## Work to be completed
Output the data below exactly, without images.

## Records
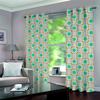 2-Piece 3D Cartoon Flower Blackout Curtains with Grommets view 3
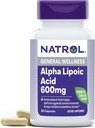 Natrol Alpha Kyselina lipoová 600 mg Caps, 30 ot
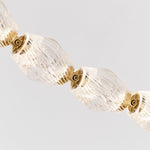 Riviere Glass Chain Chandelier – Modern Linear LED Pendant Light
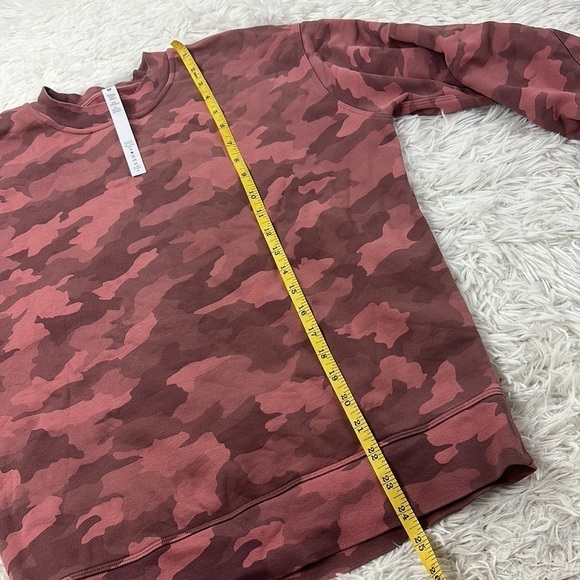 Lululemon Perfectly Oversized Crew Heritage 365 Camo Brier Rose Multi - Picture 4 of 6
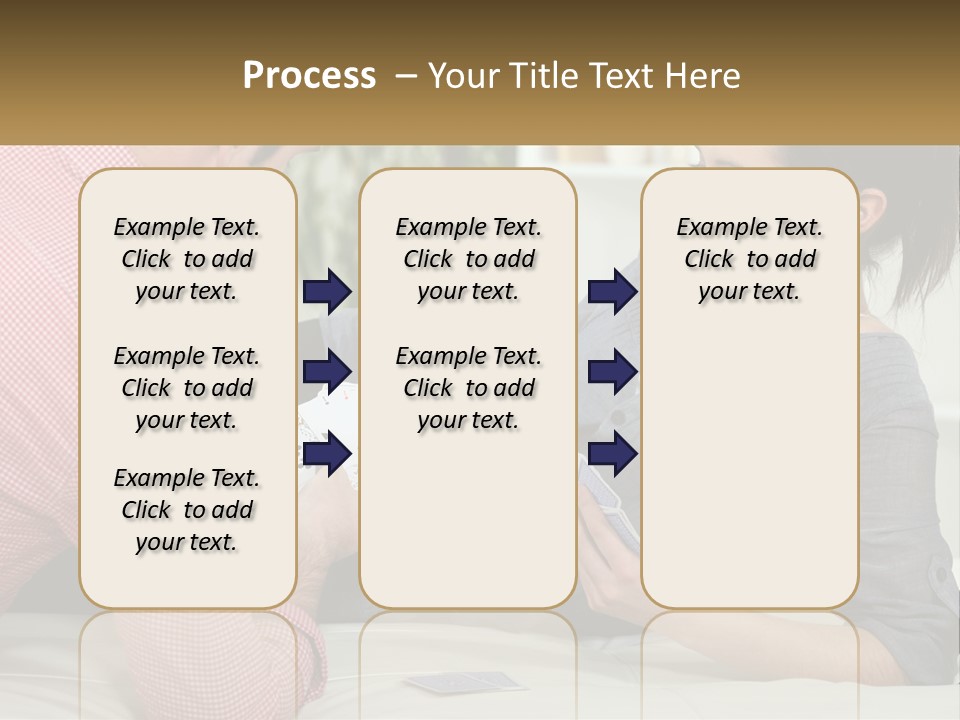 Retirement Coast Woman PowerPoint Template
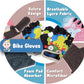 Soft-Style Kids Knee and Elbow Pads with Bike Gloves, Flexible Impact-Resistant Gear for Ages 2-11, Designed for Balance Bikes, Roller-Skating, and Skateboarding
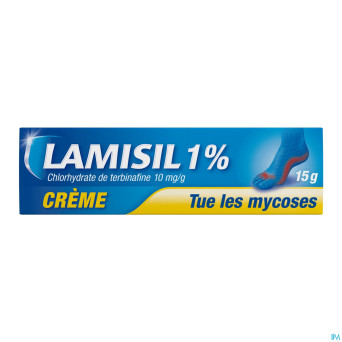 Lamisil creme 1% tube lamine aluminium  15g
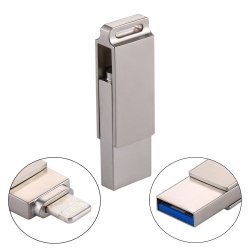 RQW-10 2 In 1 USB 2.0 & 8 Pin 16GB Flash Drive For Iphone & Ipad & Ipod & Most Android Smartphones & PC Computer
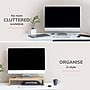 Anji Mountain Mango Wood Monitor Stand, Up to 32" Monitor, Natural (MS-FNG-MNG)~#|#~81BA1E34-D0E4-488D-9D028859086BBE75_sc7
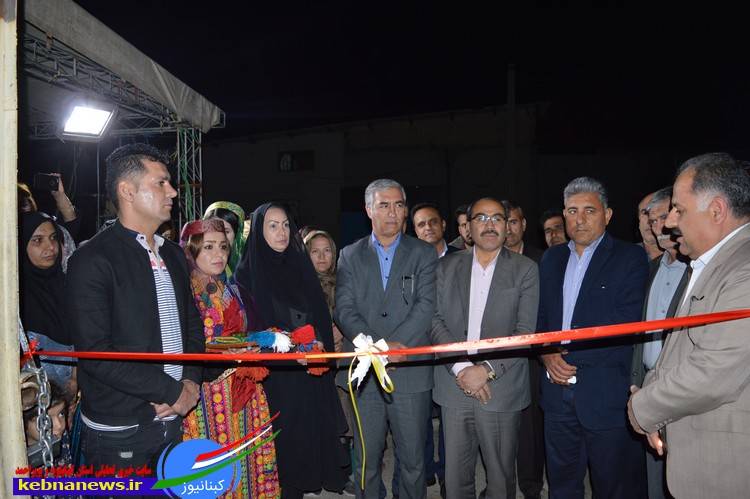تصاویر افتتاح نمایشگاه منطقه ای صنایع دستی و هنرهای سنتی در گچساران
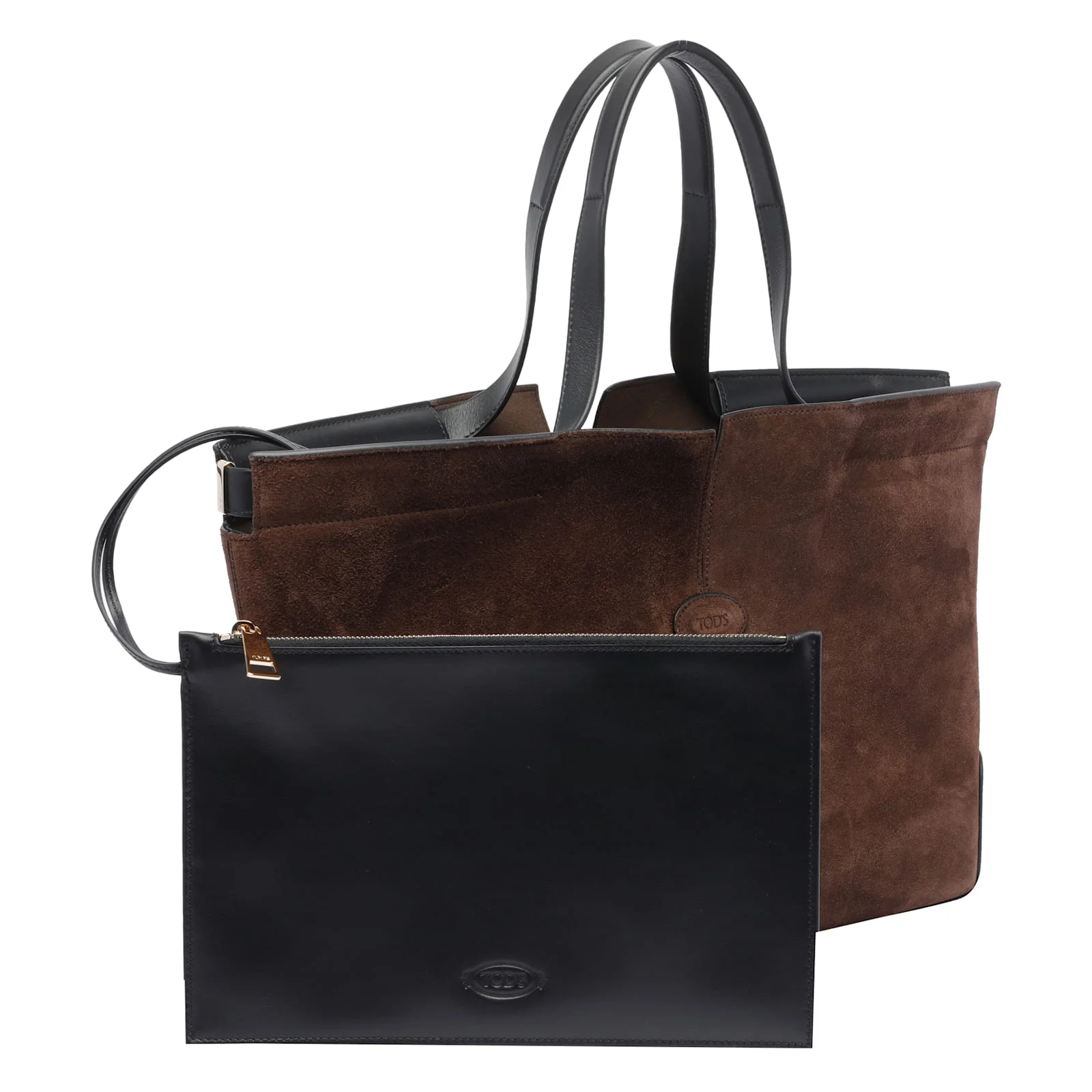 Tod's Di Bag Folio Small Medium Tote - Brown - Image 4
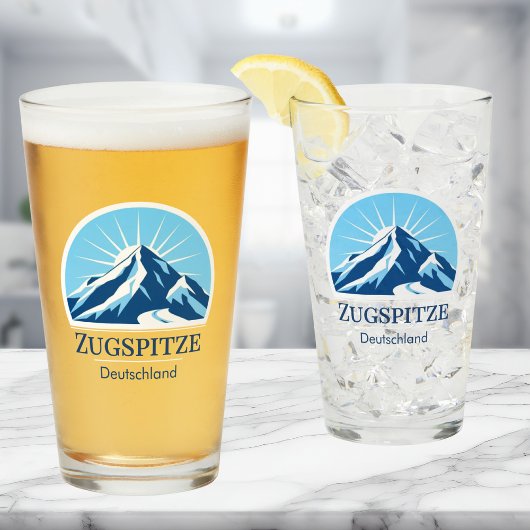 Zugspitze Duitsland berg Skigebied bierglas Glas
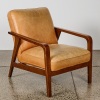 A Mid-Century Tan Leather Armchair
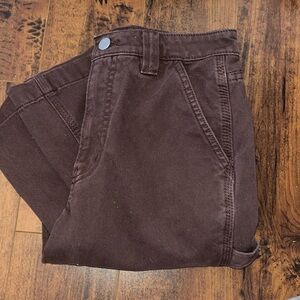 TNA brown straight leg cargo pants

## Written answer
 2-Piece 3D Cartoon Flower Blackout Curtains with Grommets view 3
 Natrol Alpha Kyselina lipoová 600 mg Caps, 30 ot
 Riviere Glass Chain Chandelier – Modern Linear LED Pendant Light
 Lululemon Perfectly Oversized Crew Heritage 365 Camo Brier Rose Multi - Picture 4 of 6
 Retirement Coast Woman PowerPoint Template
 Soft-Style Kids Knee and Elbow Pads with Bike Gloves, Flexible Impact-Resistant Gear for Ages 2-11, Designed for Balance Bikes, Roller-Skating, and Skateboarding
 Lamisil creme 1% tube lamine aluminium  15g
 RQW-10 2 In 1 USB 2.0 & 8 Pin 16GB Flash Drive For Iphone & Ipad & Ipod & Most Android Smartphones & PC Computer
 Anji Mountain Mango Wood Monitor Stand, Up to 32" Monitor, Natural (MS-FNG-MNG)~#|#~81BA1E34-D0E4-488D-9D028859086BBE75_sc7
تصاویر افتتاح نمایشگاه منطقه ای صنایع دستی و هنرهای سنتی در گچساران
 Tod's Di Bag Folio Small Medium Tote - Brown - Image 4
 Zugspitze Duitsland berg Skigebied bierglas Glas
 A Mid-Century Tan Leather Armchair
 TNA brown straight leg cargo pants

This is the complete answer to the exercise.